T20 Dead Rubber: Bovvered? Yes, Oddly Enough

Something strange happened last Thursday. I found myself desperately willing Jade Dernbach to bowl England to victory. Not that strange, you might think, for an English cricket fan to want the England cricket team to win, but let me explain.

The clue is in the wording: “an English cricket fan.” Different to being an England fan. It’s not that I don’t want England to win, but I’m a bigger fan of cricket than I am of the England cricket team. It’s the same with football, which gives the best example of my admittedly slightly perverse attitude. Remember Euro 2000, when England beat Germany? Vaguely, probably, because it was such a dire game, overshadowed by shameless hooliganism, and as such not as memorable as the glorious failures of Italia 90 and Euro 96. Nor was it satisfyingly redemptive, in the way that the 2005 Ashes was.

Let’s face it, England fans – even English cricket fans – would have taken any win over Australia after years of humiliation, but the quality and drama of 2005 made England’s victory all the sweeter. As did the quality of the opposition, which was curiously lacking in the case of Germany in Euro 2000.

Anyway, back to last Thursday and a dead rubber in an inconsequential series of a format I have little time for. So much so that I had forgotten that the match was even being played, only tuning into TMS with four overs to go.

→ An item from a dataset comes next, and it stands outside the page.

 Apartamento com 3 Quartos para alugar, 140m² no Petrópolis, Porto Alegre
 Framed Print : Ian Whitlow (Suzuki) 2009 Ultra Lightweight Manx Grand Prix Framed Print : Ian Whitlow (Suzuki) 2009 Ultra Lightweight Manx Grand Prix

So how did I find myself on the edge of my seat, desperate for Dernbach – a player I have little time for – to prevent West Indies scoring the seventeen runs required from the final over?

Maybe it is just another example of the power of cricket to engineer dramatic finishes, and my susceptibility to be absorbed by them, but I think it is more than that. It is still too early to say how England will rebuild from the wreckage of the recent Ashes, but for now it is a return to the England of my youth, Atherton’s England, and the reduction of hopes and expectations is strangely reassuring. Defeat is less hard to swallow; victory all the more treasured.

The following day, news broke that I wasn’t the only one to care disproportionately about the match. Ben Stokes managed to break his wrist, punching a locker after being dismissed first ball, and will now miss the T20 World Cup.